Absent friends cost the Canaries dear at Carrow Road this evening as visitors Crystal Palace disappeared back to London with three points in the bag courtesy of two, soft second-half goals and a 2-1 victory.
Minus both Adam Drury and Elliott Ward from that normally obdurate back four, Grant Holt’s 41st minute opener counted for little as first Julian Bennett and then Anthony Gardner found the time and the opportunity in and around the Canary six-yard box to head Palace ahead – and leave Eagles’ boss George Burley in good autumnal cheer.
As for City chief Paul Lambert, it left him with plenty to ponder ahead of Saturday’s Boro clash.
Come the end and Lambert had played all three of his attacking substitute cards; City were boasting four up-front and one in the hole. It all delivered little of note. Palace were the better side second-half. Simple as.
“Disappointed,” was Lambert’s reaction, even if Norwich still found themselves in fifth spot at the end of the evening. Most would have settled for that on the 1st of August.
“We can’t defend set-pieces like that and to concede those two goals from set-pieces was disappointing. But we’ve got a chance on Saturday to put it right.”
Nor was he allowing the absence of Messrs Drury and Elliott to be used as an excuse.
“The two lads that were missing for us have been colossal for us, but that’s not the reason we lost – it’s a squad game.”

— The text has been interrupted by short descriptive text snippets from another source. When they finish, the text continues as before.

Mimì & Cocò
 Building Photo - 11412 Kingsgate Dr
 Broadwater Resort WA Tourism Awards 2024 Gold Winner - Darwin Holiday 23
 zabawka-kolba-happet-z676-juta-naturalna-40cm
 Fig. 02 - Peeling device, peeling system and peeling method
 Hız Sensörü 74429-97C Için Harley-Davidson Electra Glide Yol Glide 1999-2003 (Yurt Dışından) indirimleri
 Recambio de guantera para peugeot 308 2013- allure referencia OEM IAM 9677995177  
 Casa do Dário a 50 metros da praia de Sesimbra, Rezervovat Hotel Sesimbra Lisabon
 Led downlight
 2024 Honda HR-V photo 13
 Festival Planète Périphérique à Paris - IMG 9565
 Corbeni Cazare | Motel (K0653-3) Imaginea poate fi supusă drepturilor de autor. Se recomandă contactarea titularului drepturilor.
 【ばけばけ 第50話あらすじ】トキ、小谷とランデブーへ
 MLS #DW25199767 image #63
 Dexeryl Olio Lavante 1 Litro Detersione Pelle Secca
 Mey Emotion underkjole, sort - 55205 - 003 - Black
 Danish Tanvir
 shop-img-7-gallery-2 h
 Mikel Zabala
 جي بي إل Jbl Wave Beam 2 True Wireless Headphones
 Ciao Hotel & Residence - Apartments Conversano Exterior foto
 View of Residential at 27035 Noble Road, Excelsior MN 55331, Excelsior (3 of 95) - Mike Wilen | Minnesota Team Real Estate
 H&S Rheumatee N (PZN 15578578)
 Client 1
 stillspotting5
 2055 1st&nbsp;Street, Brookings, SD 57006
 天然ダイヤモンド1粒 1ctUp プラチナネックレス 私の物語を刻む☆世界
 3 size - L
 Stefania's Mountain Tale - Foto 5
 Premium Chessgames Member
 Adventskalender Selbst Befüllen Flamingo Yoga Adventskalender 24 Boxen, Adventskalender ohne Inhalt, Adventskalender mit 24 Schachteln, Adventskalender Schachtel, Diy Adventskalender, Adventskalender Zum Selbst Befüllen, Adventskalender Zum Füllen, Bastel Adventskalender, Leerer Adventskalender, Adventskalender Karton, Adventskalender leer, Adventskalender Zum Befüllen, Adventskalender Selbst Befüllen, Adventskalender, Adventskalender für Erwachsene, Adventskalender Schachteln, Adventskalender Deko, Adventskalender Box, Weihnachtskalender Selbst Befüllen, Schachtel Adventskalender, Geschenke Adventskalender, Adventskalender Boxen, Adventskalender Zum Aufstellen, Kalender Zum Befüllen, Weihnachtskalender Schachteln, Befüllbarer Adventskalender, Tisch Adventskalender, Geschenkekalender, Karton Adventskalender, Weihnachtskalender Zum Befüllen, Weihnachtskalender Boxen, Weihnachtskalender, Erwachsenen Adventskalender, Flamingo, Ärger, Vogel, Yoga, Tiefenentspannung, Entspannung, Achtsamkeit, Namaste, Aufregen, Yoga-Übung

Drury’s return wasn’t about to come any time soon. “It’ll be a few weeks,” said Lambert, of Drury’s calf injury.
Forced into two changes through that injury to Drury and that suspension for Ward, the Canaries were still swiftly into their stride as Jackson slammed a glorious seventh minute drive against the bar.
Once again it was Hoolahan setting the City striker clear through that inside left channel. After that, however, it was all his own work as the blossoming Canadian international continued to stake his claim to a starting berth ahead of Chrissy Martin.
He was once more on the bench – alongside 17-year-old Academy starlet Matt Ball.
With Oli Johnson and Anthony McNamee also tucked up Lambert’s sleeve, the Canary chief was hardly short of attacking options should the home side find themselves firing blanks. Or, indeed, a goal behind for the last 25 minutes.
Needless to say, Palace hefty contingent of ex-Town stars was met with the usual, warm chorus of disapproval from the home faithful.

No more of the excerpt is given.